再びバスに乗って、メンカウラー王〜カフラー王のピラミッドを廻って撮影タイム。
(一番小さいメンカウラー王のピラミッド) (頂に花崗岩の化粧石が残るカフラー王のピラミッド)
(3大ピラミッドのそろい踏み、手前の小さいのはクフ王の母と妃のピラミッド)
テントのような建物の中は、1954年に発掘されたクフ王の太陽の船です。今回は見物予定に入っていませんが、絵ハガキによるとこんな立派な船だそうです。左の小さなテントは吉村発掘隊が最近発見した「第二の太陽の船」です。
第一の船は全長42.32mもあるそうで、ではこれらの船は何のために造られたかというと、クフ王が死んだ際、メンフィスからギザまで王の防腐処置を施した死体を運ぶために使用されたか、クフ王自身が巡礼地を訪問するのに「巡礼の旅船」として使用されたのではないかとされている。

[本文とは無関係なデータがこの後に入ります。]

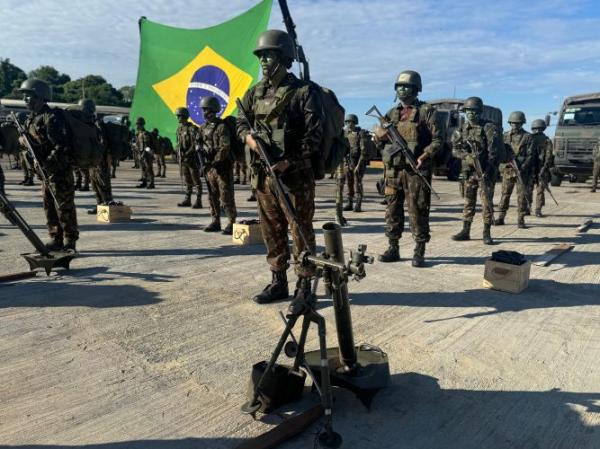 Militares pressionam Lula a encerrar a crise com os EUA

しかし、吉村先生の説によると、へさきが西(写真だと左)を向いており、船を結ぶロープも発見されたことから、第二の船がラー神の乗る船で、ロープで第一クフ王の船と結び、ラー神とクフ王の魂を乗せた2隻の船が連なって天空を飛んで来世へと向かい、又戻ってくる・・・そのために造ってピラミッドの直ぐ傍に埋葬したと言うことなんです。

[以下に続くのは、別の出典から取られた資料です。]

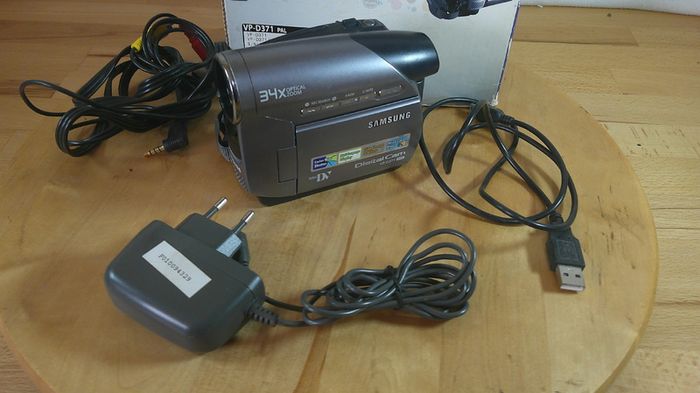 Samsung VP D371 MiniDV Digital Camcorder (PAL) Tested & Working Boxed with Accessories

次は河岸神殿。ピラミッド建築中は資材を陸揚げしていた場所にファラオのミイラを作成するためもあってこの神殿が造営されたそうです。4500年前の造作とは思えないほど、真四角にズバッと切られた花崗岩の柱は1本で200トンもあるそうです。
続いてスフィンクスです。
全長73.5m、高さ20m、幅5m・・・石灰岩の丘を彫り込んだもので、一枚岩から彫り出した像としては世界最大のもの。カフラー王の命により、そのピラミッドと同時代に造られたとされる。何度見ても(といってもこれで2度目ですが)素晴らしい。妻も「やっぱりエジプトに来てよかったわ!」と大喜びです。
(ピラミッドとスフィンクス)
大興奮のピラミッド&スフィンクス見物を終えると、トラピックス恒例のショッピング案内=1回目は「パピルスの店」。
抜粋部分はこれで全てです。